Das Ergebnis der Ö3 Jugendstudie 2025 zeigt, dass das Interesse von 77 Prozent der jungen Menschen an Politik und politischen Prozessen hoch ist. Von ihnen vertreten fühlen sich jedoch nur 22 Prozent. Die Studie zeigt weiter, dass jede:r Vierte der GenZ eine schlechte psychische Verfassung aufweist. Die Jugend leidet darunter, nicht gehört und ernst genommen zu werden. Für die Forschenden stellt das ein systemisches Problem dar: das Verwahrlosen-Lassen einer Generation.
Ein neues Zusammenspiel der Generationen
An der Stelle schmerzt es mich oft, dass die politischen Antworten auf zahlreiche, kraftvolle Jugendinitiativen der letzten Jahre, wie zum Beispiel FridaysForFuture und Letzte Generation, Ignoranz, gebrochene Versprechen und Strafen waren. Statt die innovativen Impulse und kreativen Lösungen wertzuschätzen, die junge Menschen einbringen, um den Herausforderungen der aktuellen Zeit zu begegnen, werden sie zurückgedrängt. Nur selten wird ihnen auf Augenhöhe begegnet und werden ihre Ideen ernstgenommen. Nur selten werden sie überhaupt nach ihrer Meinung gefragt und ihnen Raum gegeben, frei zu forschen und am stetigen Wandel mitzuwirken.
Dabei trage ich in mir das Wissen, dass es auch so anders sein könnte. Dass ein Riesenpotenzial darin schlummert, die unterschiedlichen Ressourcen der verschiedenen Generationen zusammen zu führen. Darin spielen junge Menschen eine essenzielle Rolle, weil sie die Fähigkeit haben, Gegebenes zu hinterfragen und noch nicht so in Strukturen festgefahren sind, wie Menschen, die schon länger auf dieser Welt leben. Gleichzeitig brauchen die jungen Visionen und Ideen unbedingt auch die Kenntnisse und Ressourcen, von ihren Vorgänger:innen, um der aktuellen Weltsituation zu begegnen und enkelfeindliche Systeme aufzubrechen.
Plattform der "Jugenhochkultur"
Das Projekt „Österreich jung machen“ setzt hoffnungsvoll da an, wo die Zukunft und Ansichten junger Menschen auf der politischen Entscheidungsebene unzulänglich berücksichtigt werden.
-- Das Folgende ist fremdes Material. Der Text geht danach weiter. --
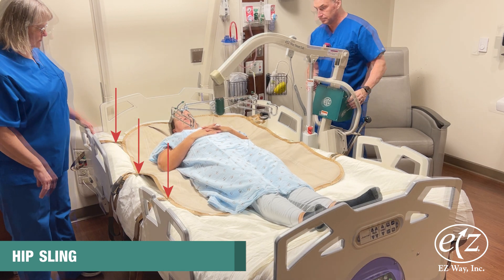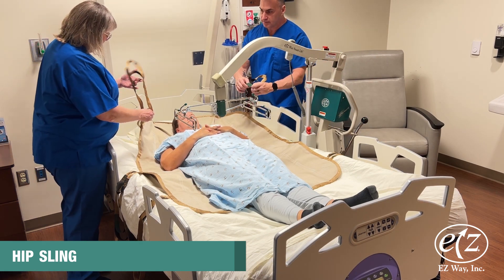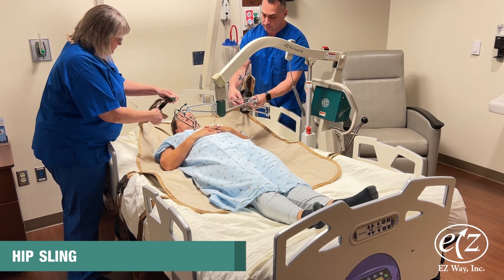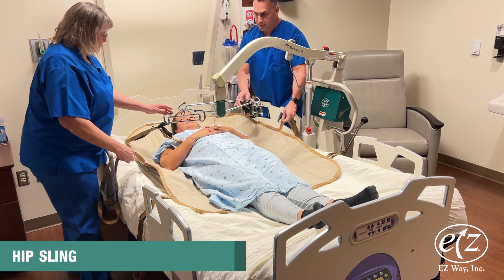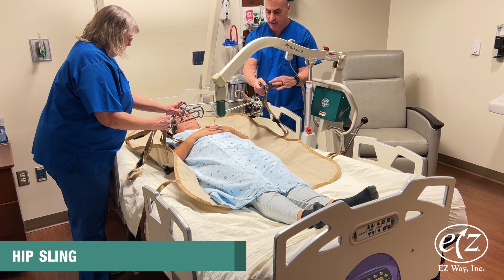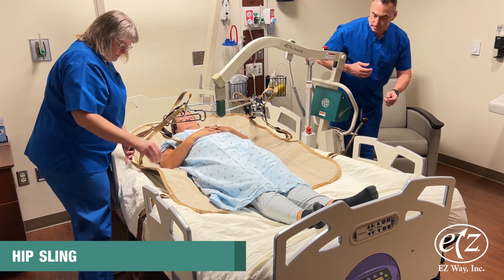Attach the corresponding loops of the hip sling to the sling hangers on the hanger bar. On a ceiling lift, the loops of the middle strap can be placed on the rear hook of the sling hanger. On a mobile lift, the loops of the middle strap can be placed on the sling hanger bar.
Und es basiert auf dem Ansatz von Ressourcenvereinigung. Diethold Schaar bietet mit dem Landhotel Yspertal Raum, Rahmen, Mittel und lädt junge Menschen ein, dort ein junges Forum zu gründen – Nährboden, um ihre Stimme zu erheben. Und nicht nur zum Wohl ihrer selbst, sondern für die gesamte Gesellschaft.
Ziel ist es, junge Menschen zu vernetzen und sie zu ermutigen, eine Plattform der „Jugendhochkultur“ (so nennt Simon Marian Hoffmann in seinem Buch „Aufstand der Jugend“ den Raum, den eine Kultur der Jugend zuspricht, um die Transformation der Gesellschaft vorzubereiten) zu bauen. Dabei spielt auch die Frage „Wie will ich leben?“ eine essenzielle Rolle.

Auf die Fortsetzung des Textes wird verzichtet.